I hadn't seen much of NML until I moved to Wisconsin - granted it is their backyard.
Does anyonerun across them very often? I would like to talk about their policies.
It seems that I am running across newer agents; they are using a lot of "vanishing premium" presentations to sell policies.
Specifically, I am working on a situation where a prospect has had an Adjustable Comp Life for 7 years. He had a new NML agent bring him an inforce illustration during an appointment to discuss not paying premiums anymore. A couple of things concerned me as the prospect allowed me to look over the ledger and the notes he had written on them during that meeting:
1. NML agent only provided 1 page of the illustration (the non-guaranteed ledger). Left out the other pages.
2. The premium for the term portion is only guaranteed for 7 years evidently.
3. Ledger clearly states that it assumes a 5.15% dividend rate. Agent told prospect it is currently 6.15%.

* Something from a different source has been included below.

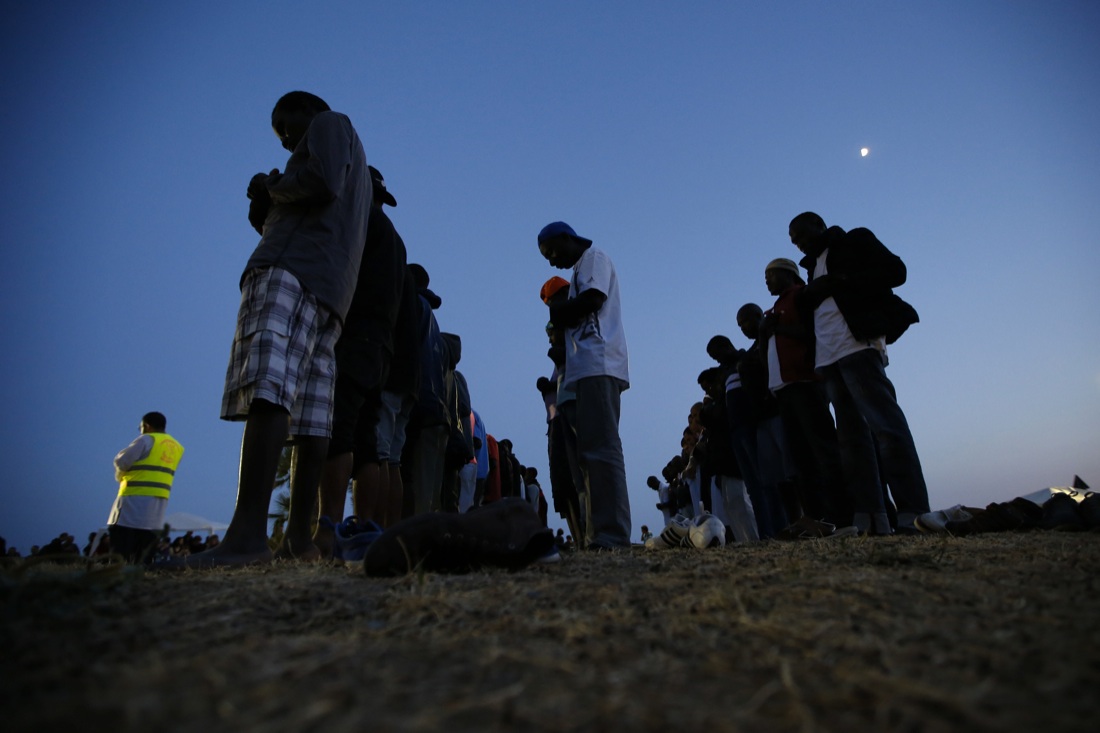 Ventimiglia, sgomberato il presidio dei migranti sugli scogli – Foto Ventimiglia, sgomberato il presidio dei migranti sugli scogli – Foto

4. On the cash value column, prospect wrote that the agent said it is currently growing at 6.15%.
What portion of this policy is base whole life/adjustable term protection? Is it a MEC in the 7th year? What was the original purpose of the policy? I've never heard of "Vanishing Premium" policies.
Vanishing premium is an old sales technique used to illustrate dividends offsetting premium. Essentially agents would tell prospects that the policy would pay for itself at some point in the future, and run an illustration with dividend option set to pay premium or to be paid in cash. The ledger would then show the premium diminshing until there were enough projected dividends to completely pay for the premium.
The problem, as you can likely guess, was that dividend performance didn't always hold up to the projection, and some people found themselves having to make premium payments longer than anticipated. Selling a policy on the basis that it will be self sustaining in the future is illegal in all 50 states. This is one of the reasons you'll notice a lot of paragraphs in illustrations speaking to the fact that dividends are not guaranteed.
To be clear, it's not illegal to mention the fact that dividends could pay premiums. But unless the policy is desgined to be guaranteed paid up, it's illegal to assert that the policy will require no further premiums at some point in the future prior to it's guaranteed paid up year.